I too got a Remington Model 742 They are a great gun keep em clean and it will prove itself time and time again. I personally use Remington Premium Core-Lockt From 165 to 220 but the 220 are overkill. My Girlfriend uses the Managed Recoil For it when she shoots it. they all work great for me But you will have to do trial and error to find one that suits you and your rifle well.


----------



## lawdog65 (Dec 15, 2005)

Good stuff. I just pick up some Federal Power-Shok, 150gr SP. I figured I'd sight in the rifle with that, and use it first. I just hope that old semi-auto likes it.

I'm thinking bout getting in to reloading, so that reload info provided will help great!

And you got me! Im LEO. Fun stuff. Gotta take the good with the bad sometimes, but I love it. Guess the lawdog gave it away huh. 

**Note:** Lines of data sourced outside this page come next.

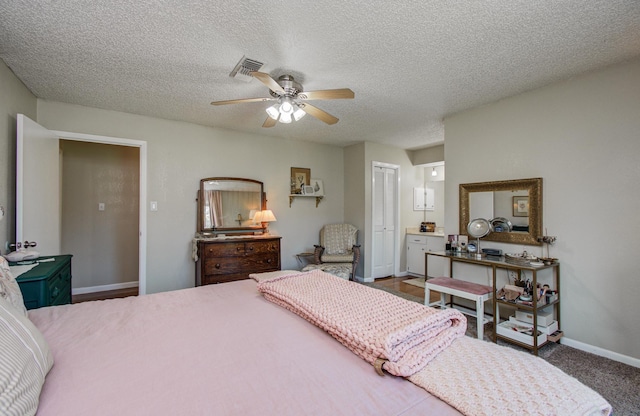 12211 3rd St, Santa Fe, TX 77510 - bedroom featuring baseboards, a closet, a textured ceiling, and ceiling fan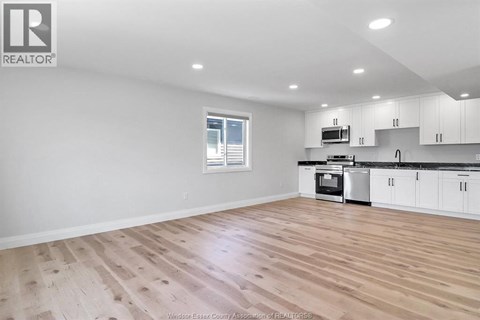 A spacious kitchen with white cabinets and a wooden floor.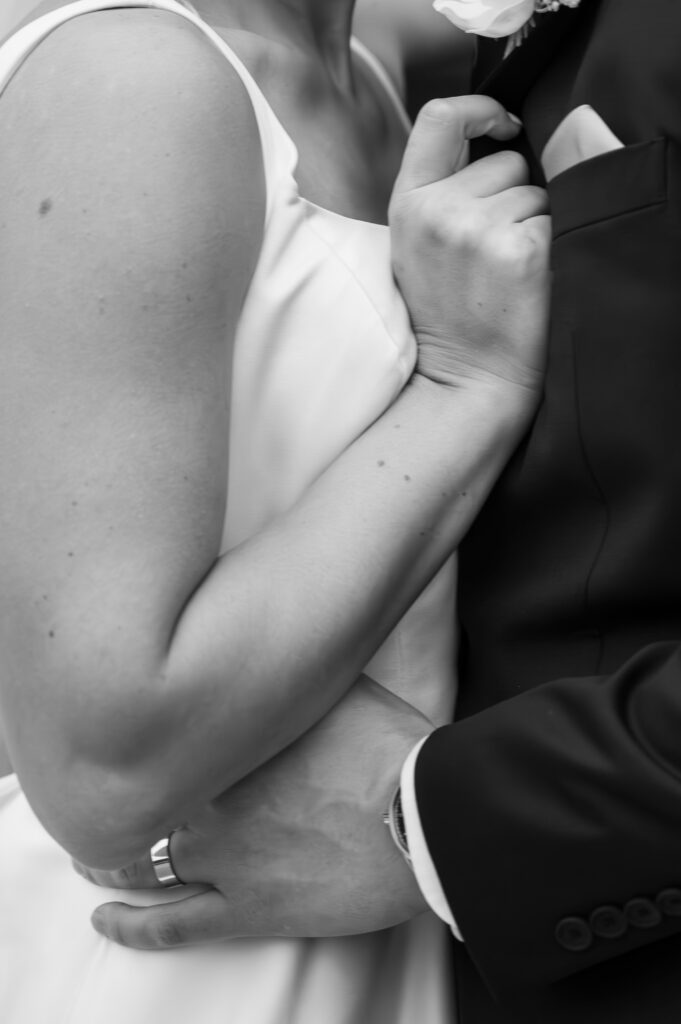 close up photo of bride and groom's hands in Detroit Michigan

I'm gonna try and sight that rifle in Saturday for a hunt Sunday night. Only thing is, I might have to do it on a 25 yard range. So if I wanted to sight it in for 100 yards or 150 yards with the 150 grains, how far up should I go from center? Can anyone tell me where I can find some ballistic charts?
:sniper:


----------



## TN.Frank (Nov 12, 2005)

You can get charts in the back of the RCBS Handloading book. IIRC you can sight in at 3" high at 100 yrds and be about 3" low at 325 or so. I'd have to look it up to be sure though. But standard rule of thumb is 3" high at 100 yrds for most center fire rifles for deer size game. That'll give you a good max. point blank range. Personally, I like a 150gr bullet for deer, no need to use any more then that, all you'll get is more recoil, you don't need any more killing power then a 150gr will give you so why bother, unless your gun just shoots em' better.

:sniper:


----------



## killadoe (Dec 12, 2005)

I have a 7600 pump in 30-06 and it like the winchester power points in 150 grains. My buddy shoots them in his 7400 which is basically the same gun you have and they are awesome on deer. The deer go down withut a whole lot of damage. I sighted mine in at 100 yds. and i can make three holes touch each other, great shooting bullet. I shoot Core lokts in my 243 and they are alright...


----------



## TN.Frank (Nov 12, 2005)

The 7600 pump in '06 with a Williams peep sight is my dream deer gun. I'll have one someday. My buddy was having me load 165gr bullets for his '06 and they were doing ok but I talked him into loading the 150gr SST's and he said he'd never had a deer go down as fast as with those bullets, even the 165's didn't drop em' as quick. 
:beer:


----------



## Gohon (Feb 14, 2005)

Federal uses two 150 grain soft points for their loads, one being the Sierra Game King and the other the Nosler partition, but the ballistics are pretty close to the same for both.

Sighted in for 200 yards.
@25 yards = -0.29" @50 yards = 0.64" @100 yards = 1.67" 
@300 yards= -7.42"

Sighted in for 150 yards.
@25 yards = -.54" @50 yards = 0.15" @100 yards = 0.68"
@200 yards = -1.98" @300 yards = -10.39"

Sighted in for 100 yards.
@25 yards = -0.71 @50 yards = -0.19 @200 yards = -3.34"
@300 yards = -12.42

Muzzel velocity.
@muzzel= 2910 @100 yards = 2681 @300 yards = 2255

If it were me I would sight in for 200 yards and that would give you a dead hold out to a easy 250 yards with only a 4 inch spread.


----------